If so, you can choose anything you like, s long as it doesn't resolve to anything sensible.
A more interesting thing is to use the domain of the machine doing the ID generation, and then put the triple at the endpoint for the ID - so resolution of the ID will return the triple (in text, or whatever you fancy, maybe RDF?)
You can always make the resolution require authentication if you want the triple to stay opaque for normal use.


> On 24 Jul 2018, at 17:17, Hans Teijgeler <hans.teijgeler@quicknet.nl> wrote:
> Hi Thomas,
> We use UUIDs throughout, such as http://www.example.com/c00c7d47-a04a-46c5-9d81-623def3ff31c
> Look, for example, at https://www.uuidgenerator.net/
> Regards, Hans
> 15826,org
> On 24-7-2018 17:56, thomas lörtsch wrote:
>> I’m looking for an algorithm to generate identifiers for any possible RDF statements that are themselve IRIs, globally unique, reproducible and not dependend on the source of the statement (i.e. document URI).
>> In other words, the algorithm has to have the following properties:
>> - reproducible: the same triple must always get the same identifier
>> - global: the identifier must be independent from the source of the triple 
>>   (a document title, named graph name, graph URI etc)

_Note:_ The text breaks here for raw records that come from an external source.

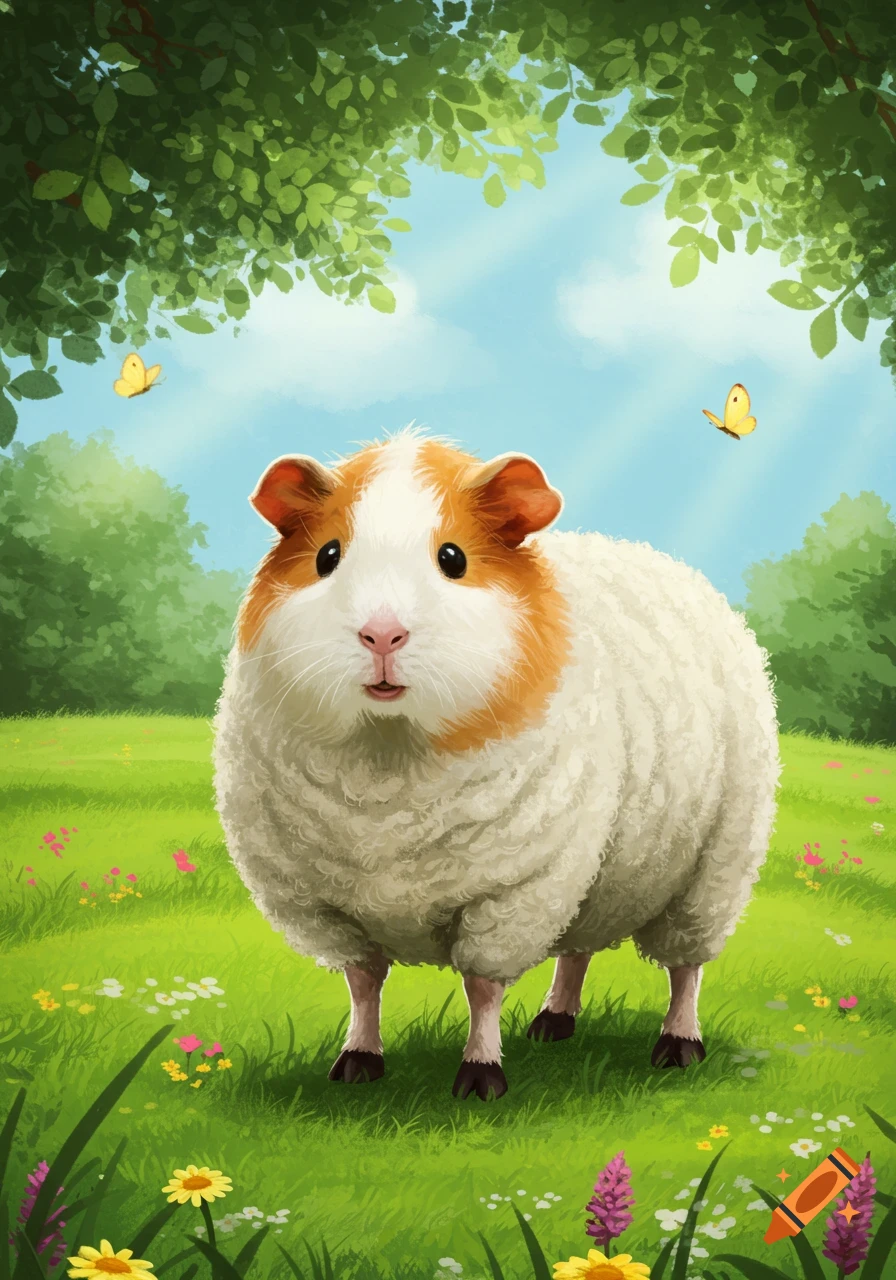 A guinea pig with sheep's wool stands in a sunny green field with flowers and butterflies.
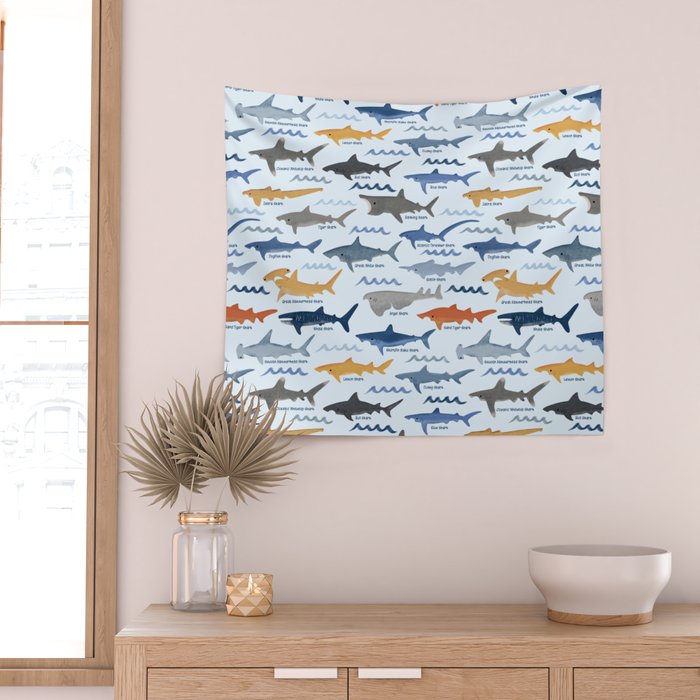 Shark Species Identification Chart Wall Tapestry Gallery Image 2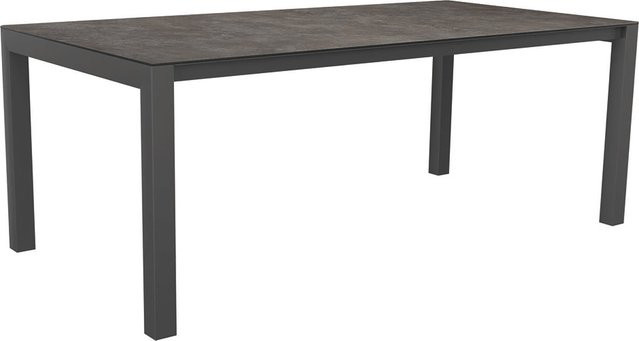 Stern Ausziehtisch aus Aluminium in Graphit mit Silverstar Stone Tischplatte, B/T: 250 x 100 cm (ausziehbar auf 200 cm) - Bild 1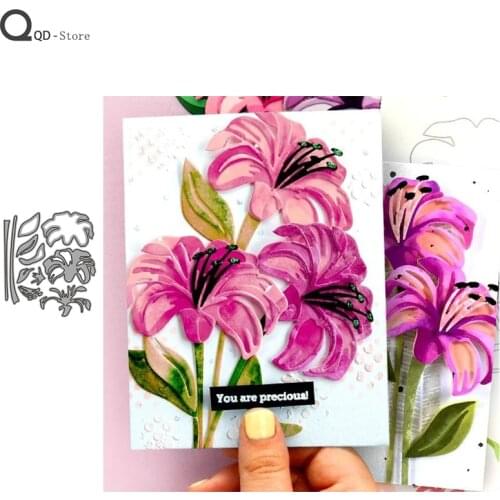 Lily Model Metal Cutting Dies Stamps Dies Scrapbooking Mold Cut Childrens Handmade Tools DIY Craft Decoration Metal Die Cut New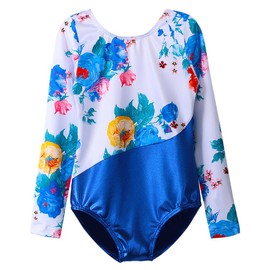 DAXIANG Leotards for Girls Gymnastics Long Sleeves Toddler Dance Leotard for Girl Blue 11-12Y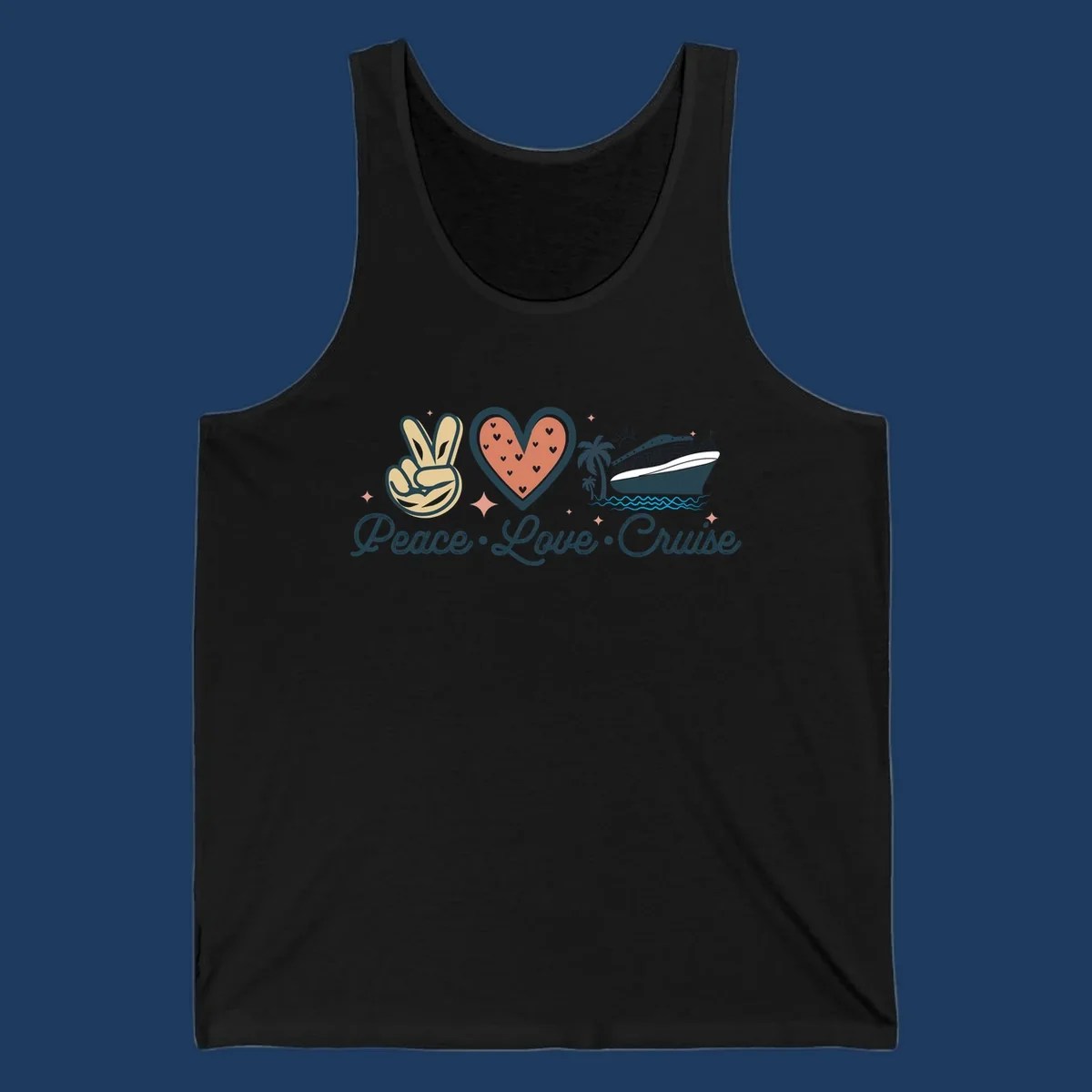 Retro cruise design with peace sign, heart, and ship illustration with text reading Peace Love Cruise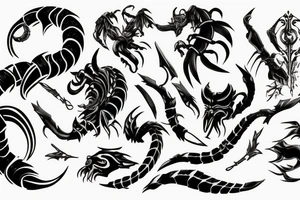 Scorpio from the mortal combat, on ice and flame tattoo idea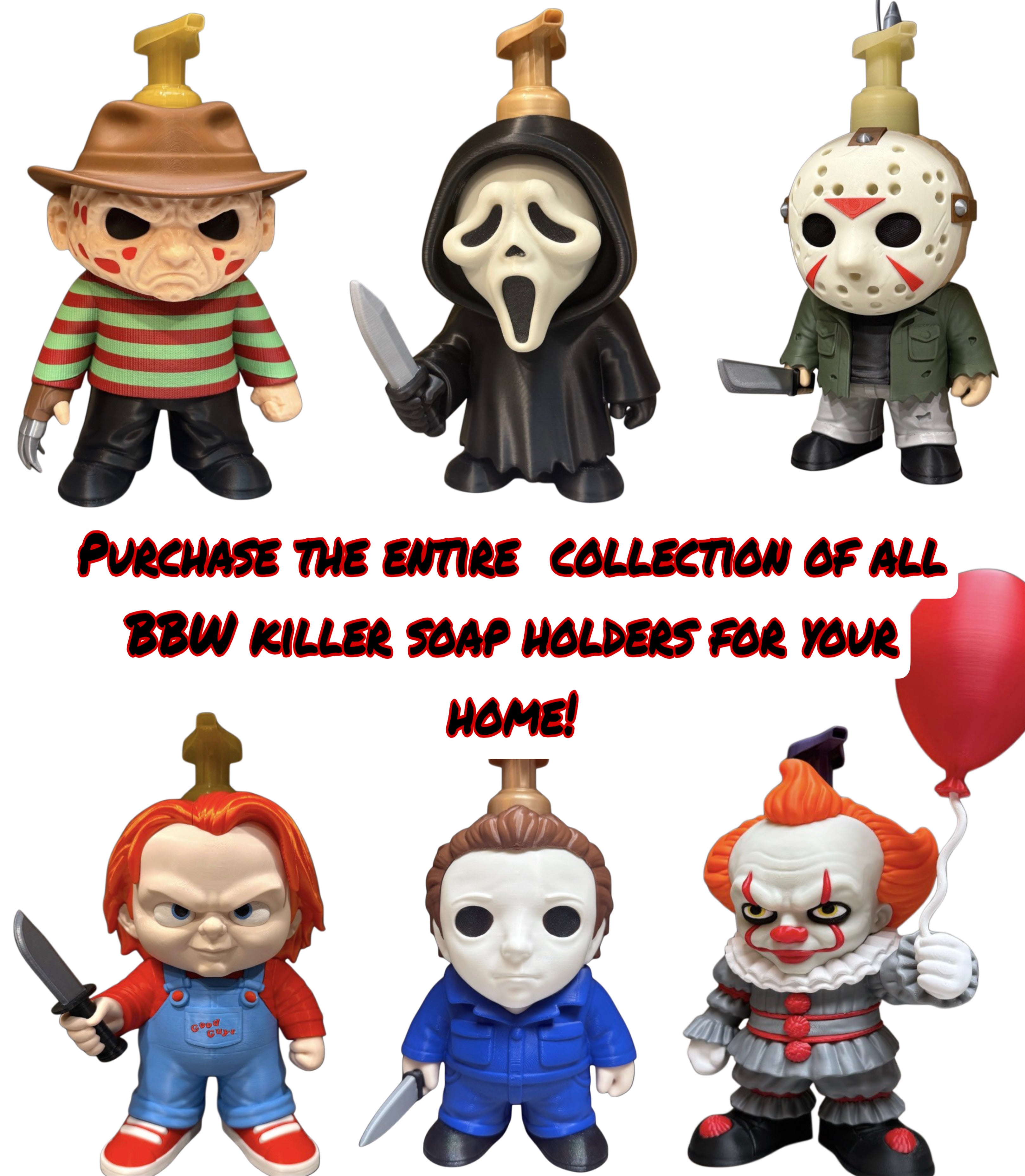 Horror Icons Bath & Body Works Soap Holder Collection | 6-Piece Set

>> - unique: triples that differ in subject, predicate or object must have different identifiers
>> - conformant: the identifier must be an IRI
>> - autonomous and finite: it can’t rely on any central repository, secondary service etc
>> Does such an algorithm exist? Is it even possible given that each node in the stateent could be an IRI of maximal length and entropy? 
>> Thanks,
>> Thomas